[Your instructions]
Write out exactly the lines below starting at the one containing "As you remove" and ending at the one containing "Hi guys, welcome". Omit every picture.

[Data for the task]
——————————

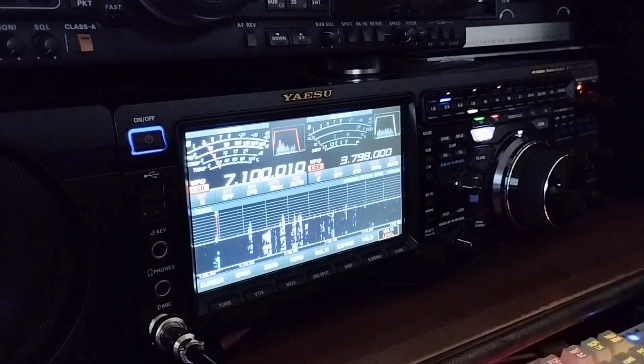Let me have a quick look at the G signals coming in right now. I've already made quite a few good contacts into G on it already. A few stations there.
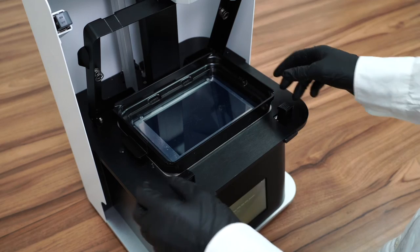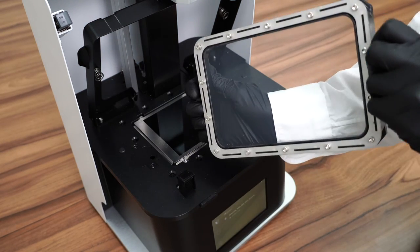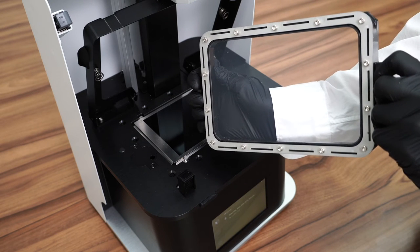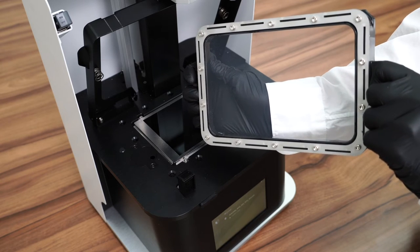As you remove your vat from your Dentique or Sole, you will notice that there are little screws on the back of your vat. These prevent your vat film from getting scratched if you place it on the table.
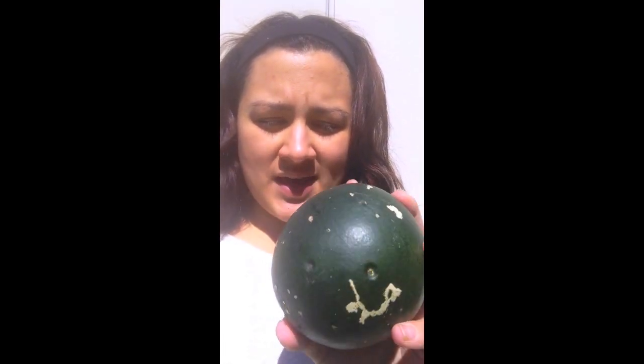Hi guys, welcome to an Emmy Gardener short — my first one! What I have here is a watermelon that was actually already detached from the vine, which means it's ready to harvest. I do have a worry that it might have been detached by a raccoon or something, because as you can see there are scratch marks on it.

——————————

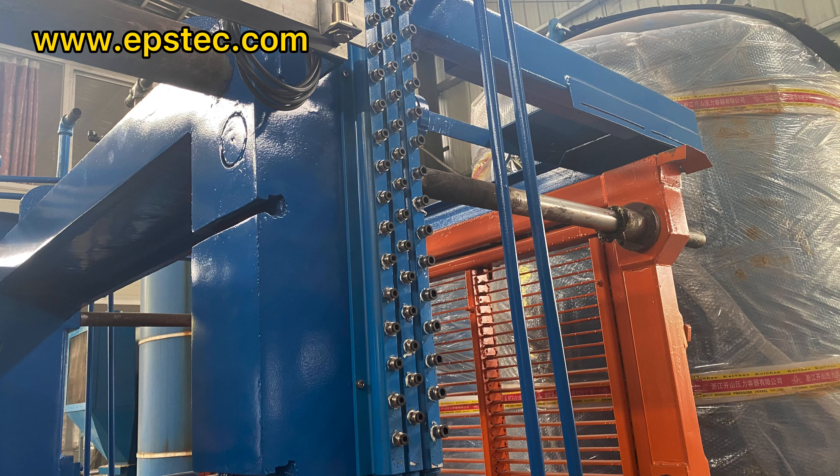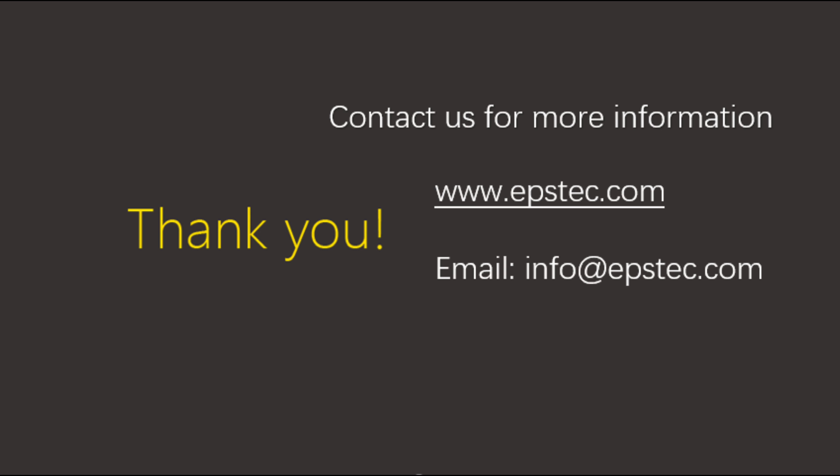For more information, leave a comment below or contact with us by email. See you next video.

——————————

[Solution to this task]
As you remove your vat from your Dentique or Sole, you will notice that there are little screws on the back of your vat. These prevent your vat film from getting scratched if you place it on the table.
Hi guys, welcome to an Emmy Gardener short — my first one! What I have here is a watermelon that was actually already detached from the vine, which means it's ready to harvest. I do have a worry that it might have been detached by a raccoon or something, because as you can see there are scratch marks on it.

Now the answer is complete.